Disaster Recovery Scenarios
If the IL1 datacenter has an outage or failure, Exchange will not be affected. All databases will be mounted in the primary datacenter, UC1. Exchange will also prevent databases from being mounted in IL1 when the datacenter returns, due to quorum majority (UC1 MBX server + NY1 FSW are 2 votes; IL1 MBX server is 1 vote). Client Access will not be affected as it was pointed at UC1 and not IL1.

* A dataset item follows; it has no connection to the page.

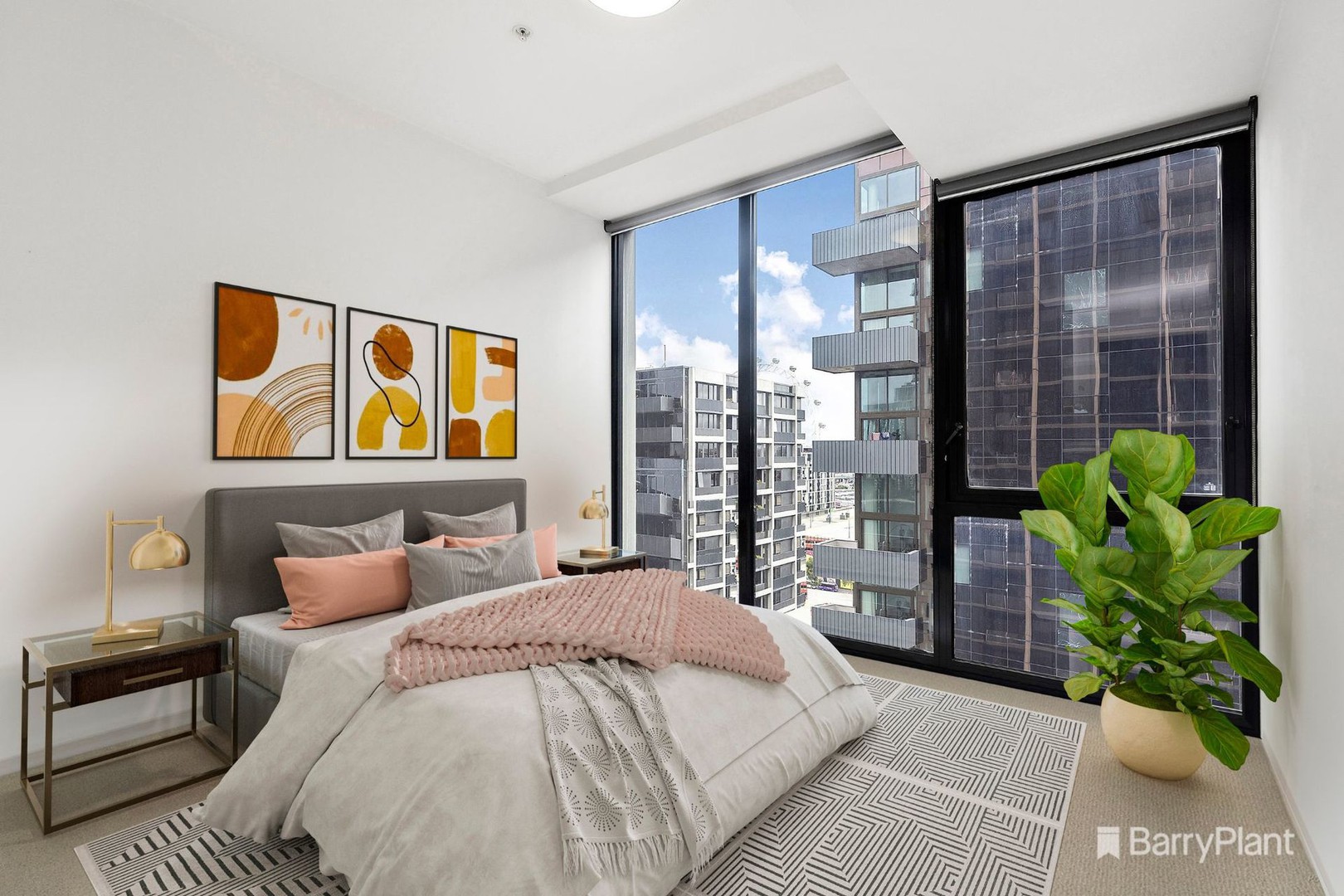 1609/15 Caravel Lane, Docklands, VIC 3008, Docklands - Thumbnail 4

If the UC1 datacenter has an outage or failure, Exchange will automatically fail over databases to IL1 (speed determined by the settings on MountDialOverride). Client Access will also failover to IL1 once the specified time period for ping or SSL tests has been reached, and your external DNS provider fails over DNS records to the IL1 public IP’s. Exchange will also prevent databases from being mounted in UC1 when the datacenter returns, due to quorum majority (IL1 MBX server + NY1 FSW are 2 votes; UC1 MBX server is 1 vote).
If the NY1 datacenter has an outage or failure, Exchange will run normally. All that would be needed in this scenario would be to manually activate the alternate FSW using the Set-DatabaseAvailabilityGroup cmdlet in Exchange Management Shell.

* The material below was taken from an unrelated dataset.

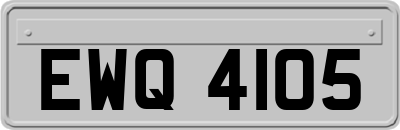 EWQ4105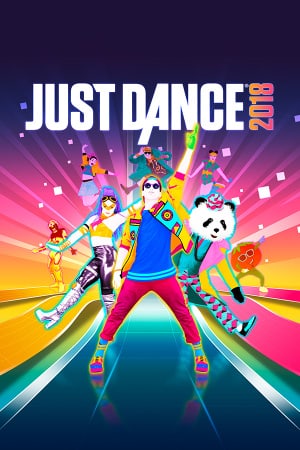 Скачать Just Dance 2018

Placing the File Share Witness in a 3rd Datacenter is the Key
Using a 3rd datacenter for the FSW is the reason we are able to design an Exchange architecture with automatic failover. Here’s a quote from Ross Smith IV, Principal Program Manager for Exchange, on the Exchange Team Blog:
“Ultimately, the placement of the witness server determines whether the architecture can provide automatic datacenter failover capabilities or whether it will require a manual activation to enable service in the event of a site failure.
If your organization has a third location with a network infrastructure that is isolated from network failures that affect the site resilient datacenter pair in which the DAG is deployed, then the recommendation is to deploy the DAG’s witness server in that third location. This configuration gives the DAG the ability to automatically failover databases to the other datacenter in response to a datacenter-level failure event, regardless of which datacenter has the outage.”